- Opening Delimiter -

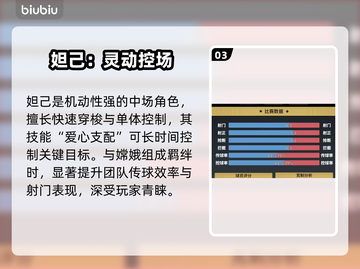 【萌神契约】最强中场搭配💥截图4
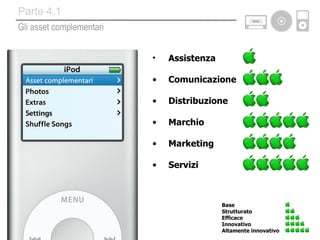 Assistenza Comunicazione Distribuzione Marchio Marketing Servizi Base Strutturato Efficace Innovativo Altamente innovativo Gli asset complementari Parte 4.1 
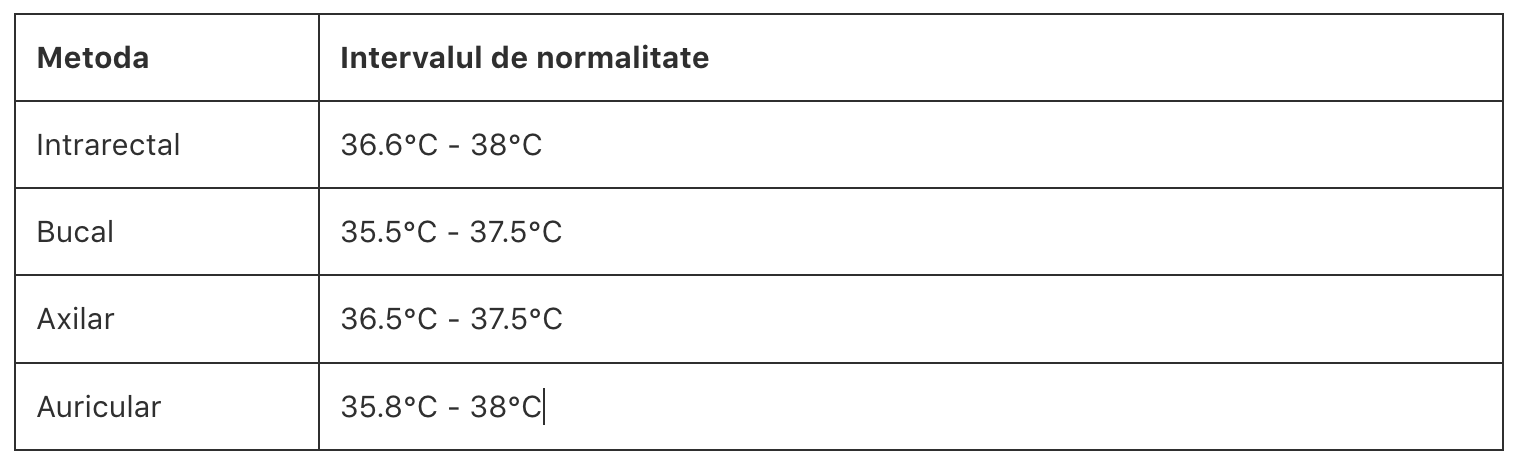 Tabel temperatură bebeluș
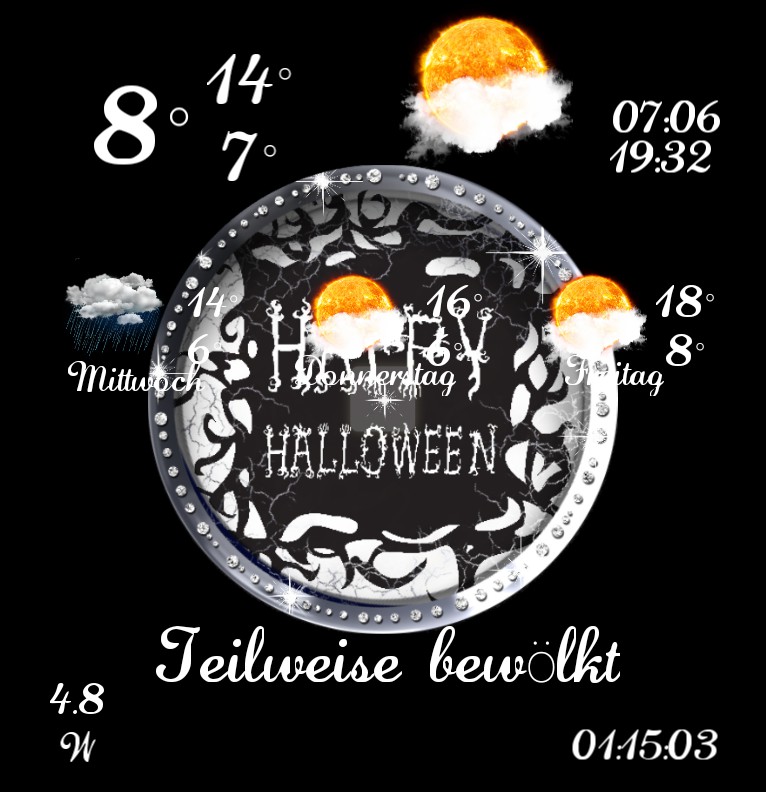 Wetter Halloween 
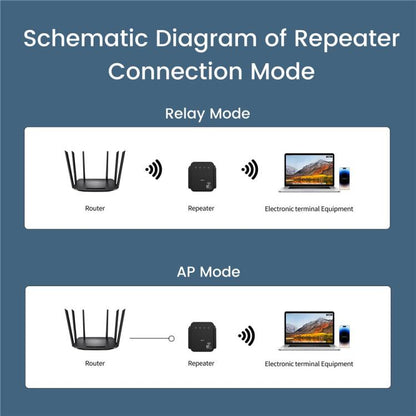 RE300F Home Office Wireless Network Signal Booster 300Mbps, US Plug, EU Plug
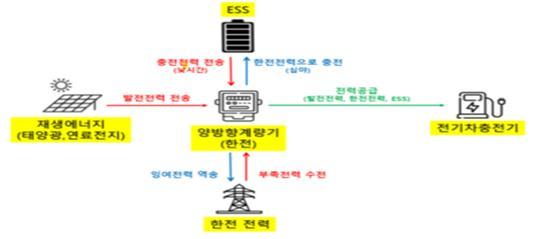 재생에너지를 활용한 양방향 전기자동차 충전시스템 체계도 / 출처=더함에너지 컨소시엄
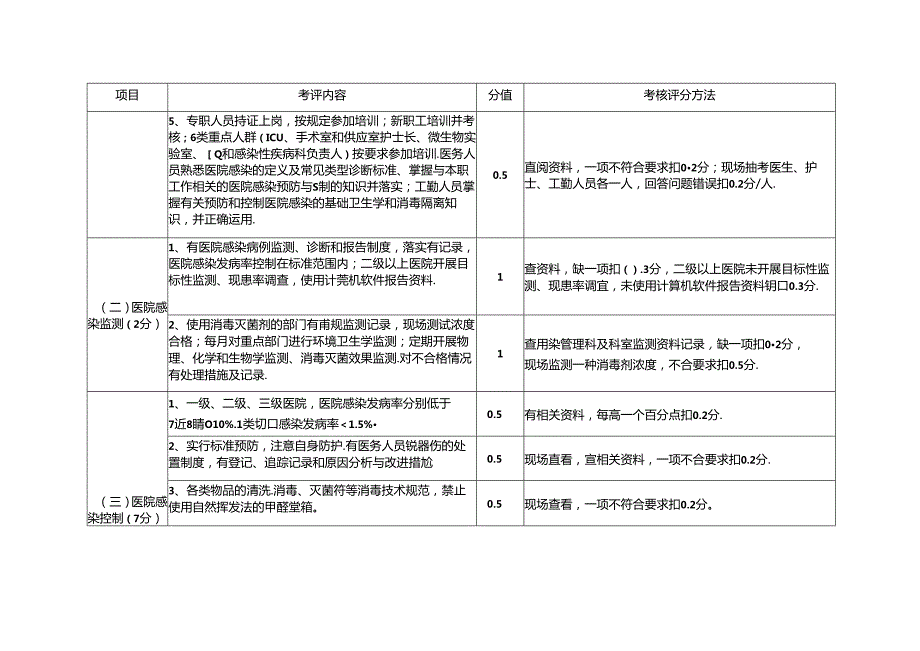 医院感染控制建设标准与管理规范考评细则.docx_第2页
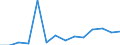 Total / Total / Crude rate of total population change / Israel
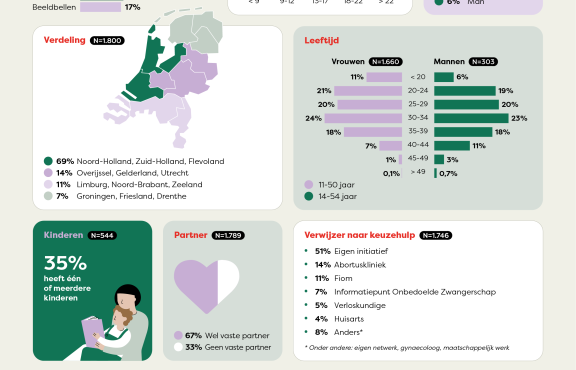 Keuzehulptrajecten 2024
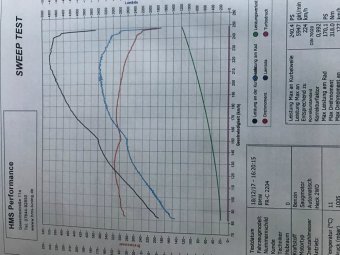 330ci ///M-Paket2 - 3er BMW - E46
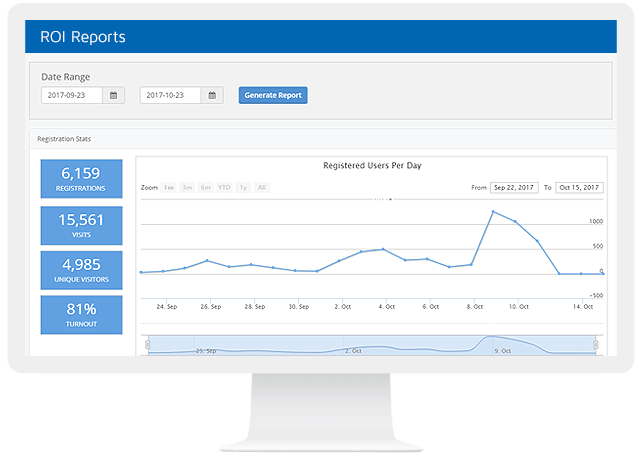 Metrics Metrics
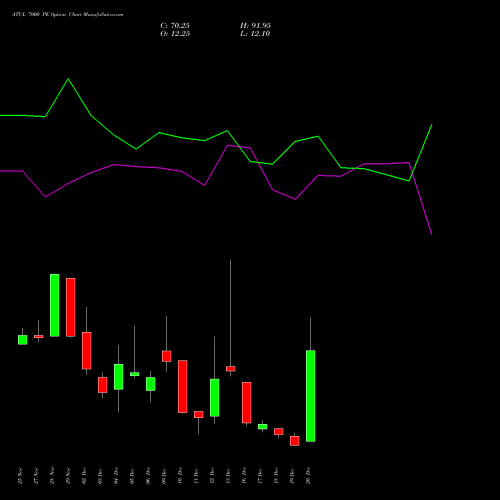 ATUL 7000 PE PUT indicators chart analysis Atul Limited options price chart strike 7000 PUT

- Closing Delimiter -

WHAT IS REQUIRED. Please copy exactly the lines from the one that contains "330ci ///M-Paket2 - 3er BMW - E46" through the last line of the listing above, leaving out the pictures.

ANSWER SECTION.
 330ci ///M-Paket2 - 3er BMW - E46
 Metrics Metrics
 ATUL 7000 PE PUT indicators chart analysis Atul Limited options price chart strike 7000 PUT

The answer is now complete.